As the offseason wore on and spring training approached, no team had shown interest in procuring Guerrero’s services for the 2012 season. There was speculation that Guerrero was going to retire, which the slugger vehemently refuted at every opportunity. When the regular season began, Guerrero was still without a team and it appeared that he may not have much say in the matter regarding extending his career. Finally, on May 10th, the Blue Jays inked Guerrero to a minor league deal.
He played his first game in the minors for Class-A Dunedin on May 27th. Guerrero hit .450 in four games with Dunedin, blasting four home runs and driving in eight before being moved to Triple-A Las Vegas to play for the 51s. He played eight games for Las Vegas, hitting .303 with two doubles, a triple and four runs batted in. On June 12, Guerrero told the Blue Jays that if the team was not ready to call him up that he wanted to be released. The Blue Jays weren’t ready to bring Guerrero up to the majors at that point, so they granted his request to be released.

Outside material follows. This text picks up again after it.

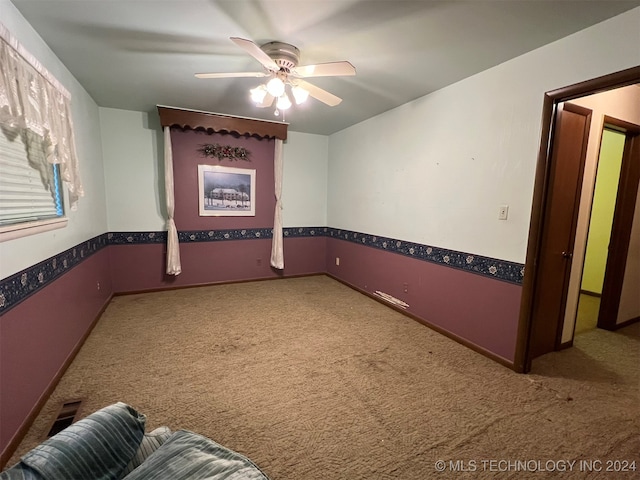 unfurnished room featuring carpet and ceiling fan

“He played [Monday] night and he decided that was enough for him,” Blue Jays General Manager Alex Anthopoulos said. “He felt he was worthy of a call-up and we weren’t prepared to do that right now.” In the blink of an eye, Guerrero was on the outside looking in again as well. The question remains, will either Ramirez or Guerrero get another shot at big league glory or has the door closed on that opportunity forever?